◆ DIRECTIONS FOR THIS TASK: Repeat each line of the material below exactly as it appears, minus any pictures.

◆ DATASET EXCERPT:
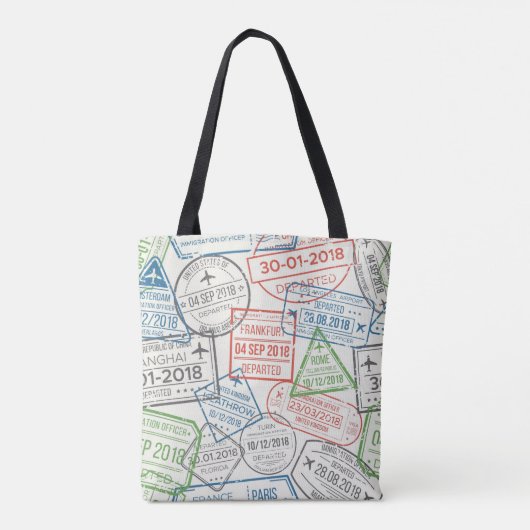 Travel Visa Stamps Tote Bag (Achterkant)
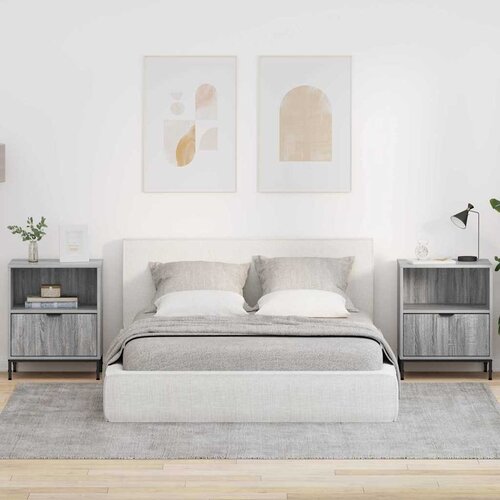 VidaXL Noćni ormarići 2 pcs Sivi hrast sonoma 49 x 36 x 61 cm Slike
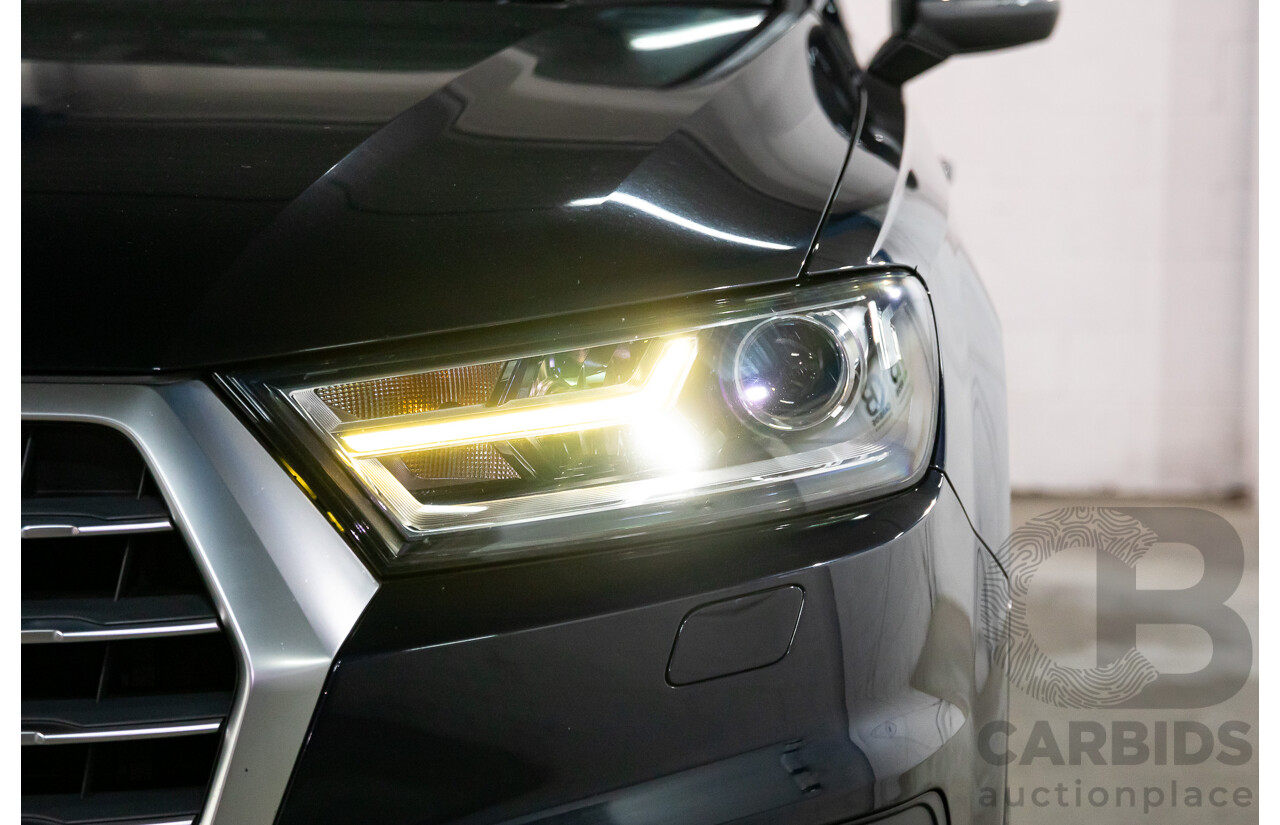 10/2017 Audi Q7 3.0 TDI Quattro (160kW AWD) 4M MY17 4d Wagon Ink Blue Metallic Turbo Diesel V6 3.0L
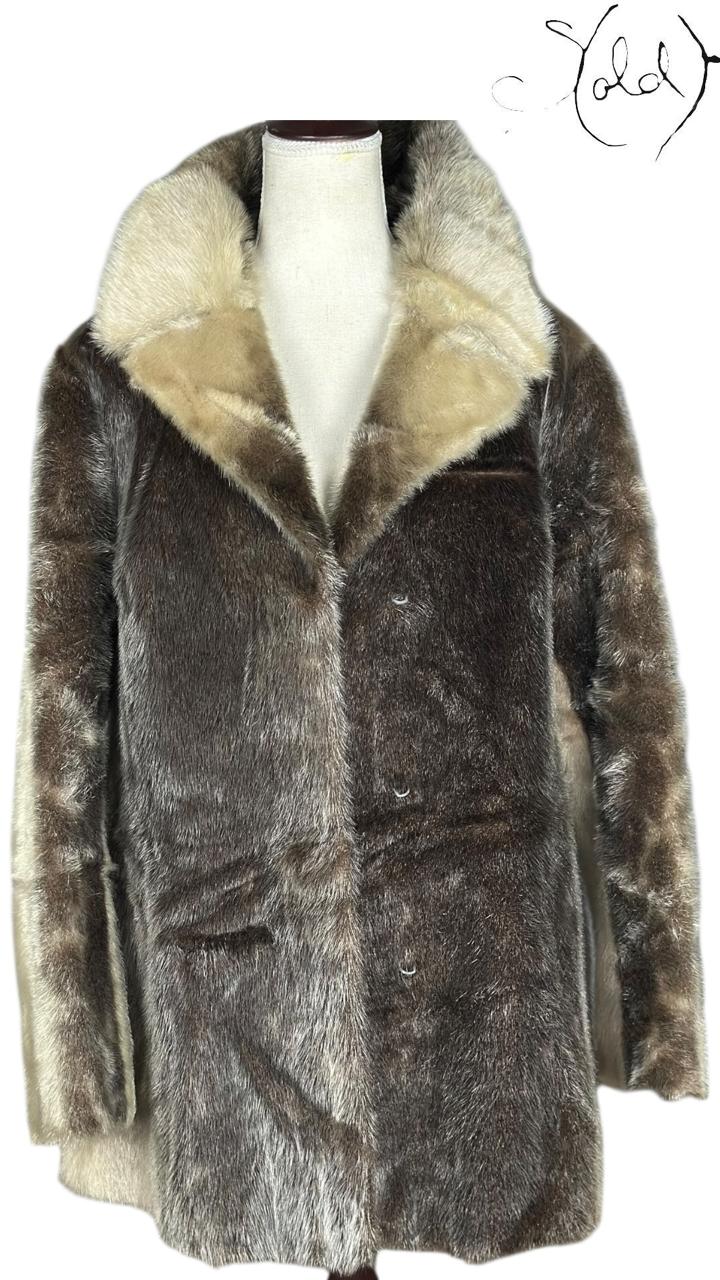 Vintage Danish Mink Fur Coat 1990s Brown Size 42 Mint Condition, Back view | Sold Attire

◆ EXPECTED ANSWER:
 Travel Visa Stamps Tote Bag (Achterkant)
 VidaXL Noćni ormarići 2 pcs Sivi hrast sonoma 49 x 36 x 61 cm Slike
 10/2017 Audi Q7 3.0 TDI Quattro (160kW AWD) 4M MY17 4d Wagon Ink Blue Metallic Turbo Diesel V6 3.0L
 Vintage Danish Mink Fur Coat 1990s Brown Size 42 Mint Condition, Back view | Sold Attire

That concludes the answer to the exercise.